How Well Do Advanced Defensive Statistics Correlate?

February 27, 2012

We've put a lot of effort into improving defensive metrics in recent years, but how much progress have we really made? In the introduction to The Fielding Bible—Volume III, I said:

"For hitters, we might be at the 85-90 percent mark of being able to measure offense. We have a lot of good tools like OPS (on-base plus slugging), Runs Created, Wins Above Replacement. For pitchers, we are not quite as far along. Maybe we’re at the 75 percent level of understanding pitcher effectiveness with our numerical tools like ERA, Batting Average on Balls in Play, and Opponent OPS. For defense, ten years ago we were probably around the 10th percentile. Now with three volumes of The Fielding Bible under our belts, plus the work of many other excellent sabermetricians, we are probably in the 60-70 percent range."

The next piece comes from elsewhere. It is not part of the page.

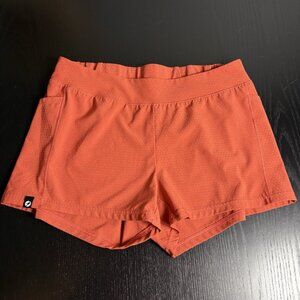 OISELLE Womens Size 6 Solid Orange Pull-On Running/Athletic Shorts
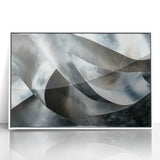 High Contrast Abstract Paintings – Metallic Silver Wave Texture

In our book, The Fielding Bible—Volume III, we put our newest defensive analytics to the test. If our statistics are measuring something meaningful, we would expect them to correlate well from year to year. In other words, since Evan Longoria topped all third basemen with 20 Defensive Runs Saved in 2010, we would expect him to remain one of the league's top defenders at the position in subsequent seasons. (Longoria saved an estimated 22 runs in the field in 2011, also a league-leading total.)

To measure the consistency of our Defensive Runs Saved numbers, we calculated what we'll call Even/Odd Year Correlations. We added each fielder's Runs Saved totals from 2006, 2008, and 2010 and compared to the subtotal from 2007, 2009, and 2011, with the requirement that the fielder have amassed at least 667 innings in both subsets. We would expect the players with higher totals in even years to also have high totals in odd years, while players with low totals in even years should also tend to have low totals in odd years.

By calculating the correlation coefficient of the even and odd year totals, we can measure just how consistent our statistics are. Correlation coefficients range from -1.0 to 1.0 and show relationships between two sets of numbers. A correlation coefficient of 1.0 represents a perfectly predictable relationship. For instance, if every fielder had the same number of Runs Saved in both even and odd seasons, that would produce a correlation of 1.0. On the other hand, a correlation coefficient of zero means that there is no measurable relationship, while a correlation coefficient of -1.0 signifies an inverse relationship between the sets of numbers.

Defensive Runs Saved produced an Even/Odd Year Correlation of .59. This high, positive correlation value indicates a strong relationship between even and odd season totals and a good consistency in measuring fielders' value. But, how does this compare to traditional hitting and pitching statistics?

Even/Odd Year Correlation Coefficients for Commonly Cited Statistics
Statistic Correlation
Batting Average .56
ERA .51
Defensive Runs Saved

As you can see, both batting average and ERA also produce high positive Even/Odd Year correlations, though Defensive Runs Saved correlates better than both. (We used a minimum of 150 innings or 500 at bats in both subtotals for pitching and hitting statistics, respectively, although the correlations didn't change much when we adjusted the minimum cutoffs in either direction.)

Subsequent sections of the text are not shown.